In Celebration of Emilie Conrad D’oud
Memory is a great thing. It’s a place I often go to when I want to get out of where I am. Sometimes life takes me to that place of memory. Today was one of those days, when I heard one of my “body” heroes, Emilie Conrad D’oud, had died.
I discovered Emilie’s work, Continuum, in the Nineteen Seventies, when living in Marin County, California. It was a time in my life when I was starting my conscious research of the body, movement, and fitness. What Emilie had offered, confused me. It was this confusion that attracted me to her work.
Born in New York in 1934, Emilie moved to Los Angeles where she began teaching at the Actors Studio.
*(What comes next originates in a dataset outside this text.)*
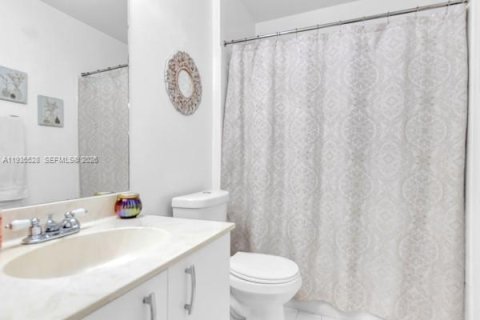 Copropriété à vendre à Miami Lakes, Floride: 2 chambres, 130.53 m2 № 1993701 - photo 11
Here she used her novel approach of movement to enrich the performing art.
As a visionary in the world of the body, it was Emilie’s love for movement that inspired her to define what she referred to as the "primary movements”. These movements are common to all life forms and she felt they lay beneath cultural influence. She viewed these fundamental movements as the, "cosmology of life, where form is fluidly mutable, dissolving, and shaping itself anew.”
A recipient of the “Teacher of the Year” award, Emilie’s pioneering work in Somatics resulted in a protocol for spinal cord injury. From 1974 to 1979, Emilie was a Movement Specialist in a research study conducted at UCLA by Dr. Valerie Hunt (another one of my body muses). Their groundbreaking study demonstrated how fluid, primary movement is essential in our ability to innovate and bring forth new insights in the understanding of the human body and its potential. Her approach to incorporating multiple angles in gravity to facilitate developing diverse muscular and skeletal relationships underlies Nia’s form and freedom concept; addressing people’s unique individuality. Emilie’s recent contribution, “The Three Anatomies” defines three distinct tissue structures as the: cultural, primordial, and cosmic anatomies. Becoming aware of the primordial-cosmic flows of information helps us to move beyond our stifling adaptive patterns and connect to a resource for health and creativity.
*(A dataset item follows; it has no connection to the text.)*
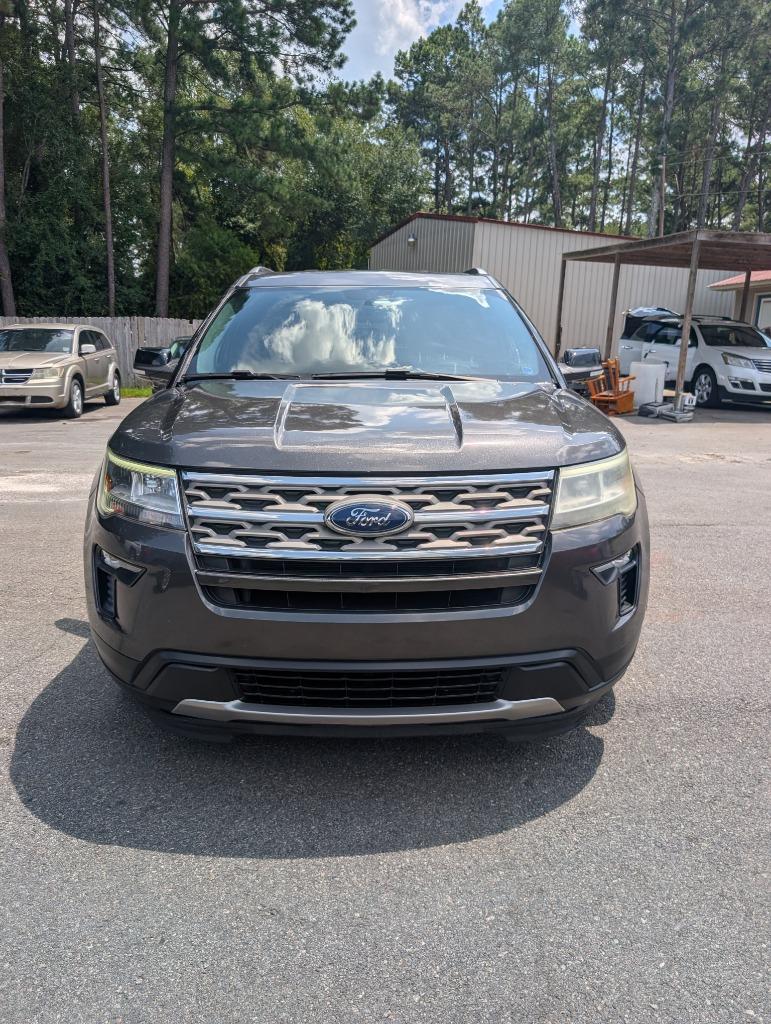 2018 Ford Explorer - $11,500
Emilie’s book, Life on Land, published by North Atlantic Press is sure to live on and inspire generations to come.
Gil Hedley, my main squeeze anatomy teacher, told me he coined the name “Somanauts.” This is the name he uses to describe people who study anatomy with him, in Emilie’s name.
Thank you Emily for being a somatic pioneer, a visionary, and woman of courage. I will miss you. The world of the “body” will miss you.